Objectives: To examine differences in health characteristics and health behaviors between rural and non-rural stroke survivors in the USA.

Methods: Data were extracted from the 2017 and 2019 Behavioral Risk Factor Surveillance System (BRFSS) to compare prevalences of health characteristics (i.e., diabetes, disability, poor health, high cholesterol, hypertension, no health care coverage, weight status) and health behaviors (i.e., fruit consumption, vegetable consumption, physical inactivity, high alcohol consumption, smoking) among community-dwelling stroke survivors, stratified by rural status (i.e., rural vs. non-rural). Logistic regression was used to calculate odds ratios (ORs) for health characteristics and health behaviors to examine the association of rural status with each variable of interest (reference group=non-rural).

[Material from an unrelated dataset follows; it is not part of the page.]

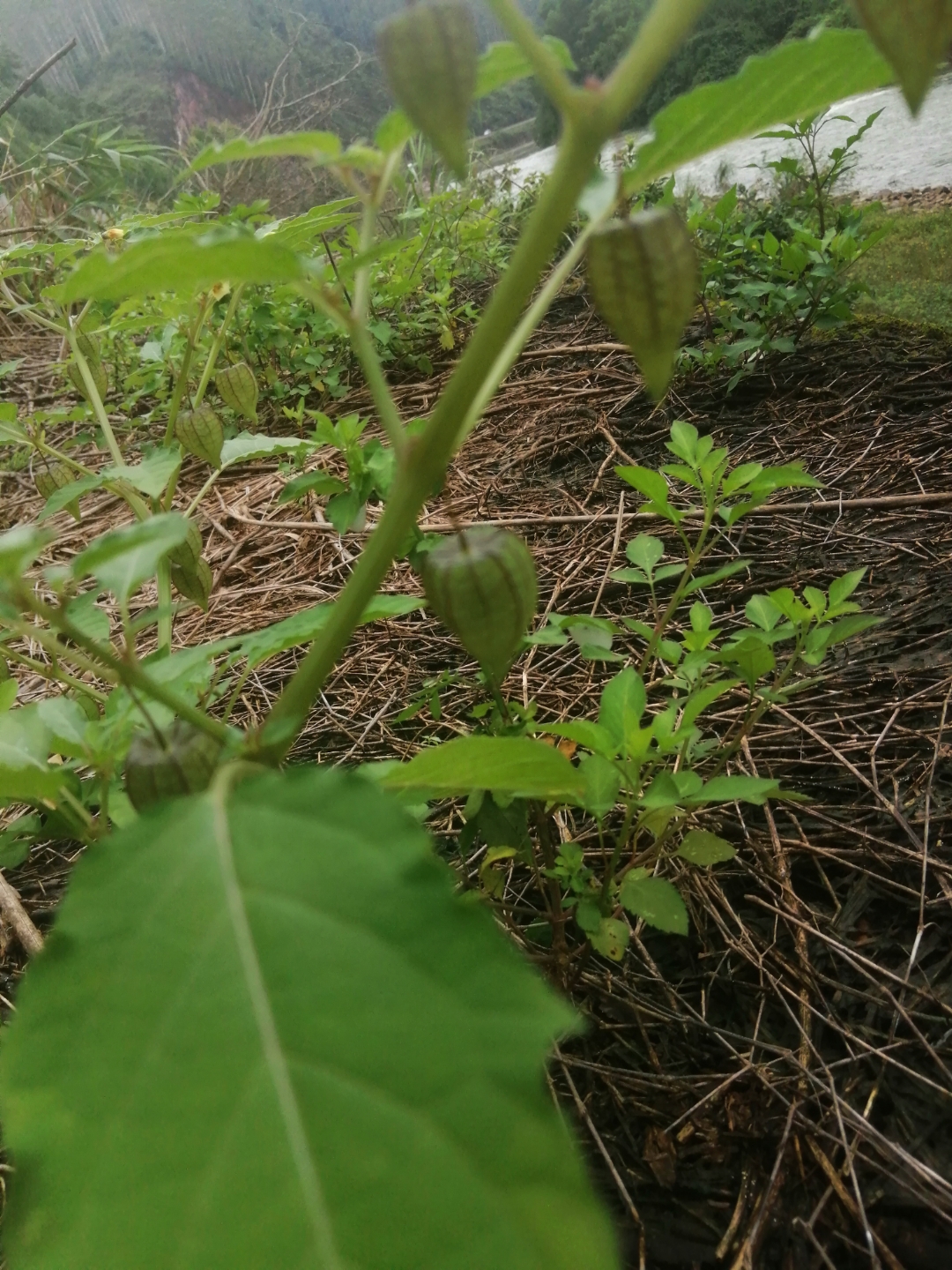 灯笼草怎么吃食用方法图片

Results: Data from 14,599 respondents (rural: n = 5,039; non-rural: n = 9,560) were available for analysis. The majority of respondents were female (61.4%), non-Hispanic white (83.2%), previously married (56.1%), had at least some college education (55.2%), and had an annual household income ≥USD $25,000 (56.9%). Prevalences of disability, poor health, weekly aerobic exercise, and smoking were higher among rural respondents compared to non-rural respondents. Logistic regression showed increased odds (odds ratio range: 1.1-1.2) for these variables among rural respondents; however, odds ratios were attenuated after controlling for sociodemographic and health characteristics.

Conclusions: We did not find evidence of differences in the investigated health characteristics and health behaviors between rural and non-rural community-dwelling stroke survivors in the USA. Additional research is needed to confirm these findings and to identify alternative sociodemographic and health factors that may differ between rural and non-rural community-dwelling stroke survivors.